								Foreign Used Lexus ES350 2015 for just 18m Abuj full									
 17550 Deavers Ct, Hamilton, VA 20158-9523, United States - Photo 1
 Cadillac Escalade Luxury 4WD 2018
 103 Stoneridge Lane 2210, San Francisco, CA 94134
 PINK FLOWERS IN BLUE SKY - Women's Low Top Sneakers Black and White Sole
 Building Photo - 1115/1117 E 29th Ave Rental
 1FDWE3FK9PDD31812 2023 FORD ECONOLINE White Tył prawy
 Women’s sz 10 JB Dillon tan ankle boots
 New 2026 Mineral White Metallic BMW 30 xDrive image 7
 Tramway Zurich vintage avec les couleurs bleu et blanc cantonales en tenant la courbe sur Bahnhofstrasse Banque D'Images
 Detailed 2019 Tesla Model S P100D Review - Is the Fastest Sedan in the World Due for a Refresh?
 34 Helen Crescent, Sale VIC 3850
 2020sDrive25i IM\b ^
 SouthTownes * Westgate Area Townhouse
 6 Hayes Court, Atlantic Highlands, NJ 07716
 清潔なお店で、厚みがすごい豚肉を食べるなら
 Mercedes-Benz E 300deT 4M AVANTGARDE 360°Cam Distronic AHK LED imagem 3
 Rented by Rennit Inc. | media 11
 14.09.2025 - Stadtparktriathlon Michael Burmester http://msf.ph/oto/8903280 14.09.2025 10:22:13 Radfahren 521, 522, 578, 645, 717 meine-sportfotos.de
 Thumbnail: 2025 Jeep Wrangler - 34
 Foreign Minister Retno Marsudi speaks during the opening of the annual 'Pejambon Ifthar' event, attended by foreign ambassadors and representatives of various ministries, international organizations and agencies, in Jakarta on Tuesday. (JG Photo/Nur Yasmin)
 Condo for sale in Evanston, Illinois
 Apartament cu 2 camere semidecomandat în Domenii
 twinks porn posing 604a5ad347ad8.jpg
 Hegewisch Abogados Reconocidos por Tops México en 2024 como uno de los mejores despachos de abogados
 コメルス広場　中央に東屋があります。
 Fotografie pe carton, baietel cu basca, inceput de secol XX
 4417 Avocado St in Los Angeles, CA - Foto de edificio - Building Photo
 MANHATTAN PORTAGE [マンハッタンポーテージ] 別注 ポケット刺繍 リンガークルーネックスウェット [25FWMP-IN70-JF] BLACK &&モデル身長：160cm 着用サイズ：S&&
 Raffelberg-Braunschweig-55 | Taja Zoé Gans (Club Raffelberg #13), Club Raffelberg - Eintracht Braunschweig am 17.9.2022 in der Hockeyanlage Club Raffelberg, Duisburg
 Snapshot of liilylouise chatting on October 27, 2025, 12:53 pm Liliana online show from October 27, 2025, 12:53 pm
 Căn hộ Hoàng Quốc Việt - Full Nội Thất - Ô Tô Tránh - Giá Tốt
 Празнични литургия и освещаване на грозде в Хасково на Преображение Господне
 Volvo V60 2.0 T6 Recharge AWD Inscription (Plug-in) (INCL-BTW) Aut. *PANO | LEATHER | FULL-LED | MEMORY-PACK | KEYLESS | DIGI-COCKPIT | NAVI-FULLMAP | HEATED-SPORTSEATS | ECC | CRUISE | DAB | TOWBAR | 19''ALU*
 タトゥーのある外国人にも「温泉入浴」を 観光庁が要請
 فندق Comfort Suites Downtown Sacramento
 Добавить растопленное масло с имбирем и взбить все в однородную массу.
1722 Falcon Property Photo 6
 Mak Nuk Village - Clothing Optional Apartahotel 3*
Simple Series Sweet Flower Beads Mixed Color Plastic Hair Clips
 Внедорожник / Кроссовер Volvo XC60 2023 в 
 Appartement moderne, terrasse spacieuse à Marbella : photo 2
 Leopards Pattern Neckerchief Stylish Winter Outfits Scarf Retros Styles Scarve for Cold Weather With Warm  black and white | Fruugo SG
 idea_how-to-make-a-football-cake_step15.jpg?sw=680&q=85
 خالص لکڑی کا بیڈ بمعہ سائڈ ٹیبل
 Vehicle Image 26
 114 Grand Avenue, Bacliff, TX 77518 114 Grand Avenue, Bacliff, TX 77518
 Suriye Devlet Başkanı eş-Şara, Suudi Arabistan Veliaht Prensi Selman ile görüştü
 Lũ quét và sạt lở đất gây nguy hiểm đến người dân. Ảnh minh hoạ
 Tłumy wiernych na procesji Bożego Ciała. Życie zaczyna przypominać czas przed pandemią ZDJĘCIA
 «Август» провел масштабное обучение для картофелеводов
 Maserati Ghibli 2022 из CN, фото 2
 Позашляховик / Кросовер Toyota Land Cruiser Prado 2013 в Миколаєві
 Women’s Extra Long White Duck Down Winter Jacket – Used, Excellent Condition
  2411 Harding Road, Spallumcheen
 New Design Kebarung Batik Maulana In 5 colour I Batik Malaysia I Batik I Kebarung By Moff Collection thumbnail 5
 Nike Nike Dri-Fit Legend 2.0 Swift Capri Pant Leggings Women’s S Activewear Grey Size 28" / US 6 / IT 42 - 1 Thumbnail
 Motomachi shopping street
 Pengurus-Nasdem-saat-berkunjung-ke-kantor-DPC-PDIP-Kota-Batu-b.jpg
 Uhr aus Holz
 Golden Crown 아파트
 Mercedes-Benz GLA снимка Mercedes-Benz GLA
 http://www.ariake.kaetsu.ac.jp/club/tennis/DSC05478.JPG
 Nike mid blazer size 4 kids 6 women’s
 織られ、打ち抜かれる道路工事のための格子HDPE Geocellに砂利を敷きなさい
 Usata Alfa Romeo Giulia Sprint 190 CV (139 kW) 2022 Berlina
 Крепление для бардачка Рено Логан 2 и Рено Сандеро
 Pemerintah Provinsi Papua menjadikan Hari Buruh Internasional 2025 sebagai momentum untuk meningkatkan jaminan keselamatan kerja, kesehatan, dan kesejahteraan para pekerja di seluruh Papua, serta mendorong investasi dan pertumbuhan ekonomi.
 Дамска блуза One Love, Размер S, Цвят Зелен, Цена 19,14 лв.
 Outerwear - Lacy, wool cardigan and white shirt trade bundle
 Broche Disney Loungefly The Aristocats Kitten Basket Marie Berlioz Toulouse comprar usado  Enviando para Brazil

• To do
Looking back over the data above, restate word for word the lines that begin at the line with "Căn hộ Hoàng" and end at the line with "Добавить растопленное масло", inclusive.

• The completed task
 Căn hộ Hoàng Quốc Việt - Full Nội Thất - Ô Tô Tránh - Giá Tốt
 Празнични литургия и освещаване на грозде в Хасково на Преображение Господне
 Volvo V60 2.0 T6 Recharge AWD Inscription (Plug-in) (INCL-BTW) Aut. *PANO | LEATHER | FULL-LED | MEMORY-PACK | KEYLESS | DIGI-COCKPIT | NAVI-FULLMAP | HEATED-SPORTSEATS | ECC | CRUISE | DAB | TOWBAR | 19''ALU*
 タトゥーのある外国人にも「温泉入浴」を 観光庁が要請
 فندق Comfort Suites Downtown Sacramento
 Добавить растопленное масло с имбирем и взбить все в однородную массу.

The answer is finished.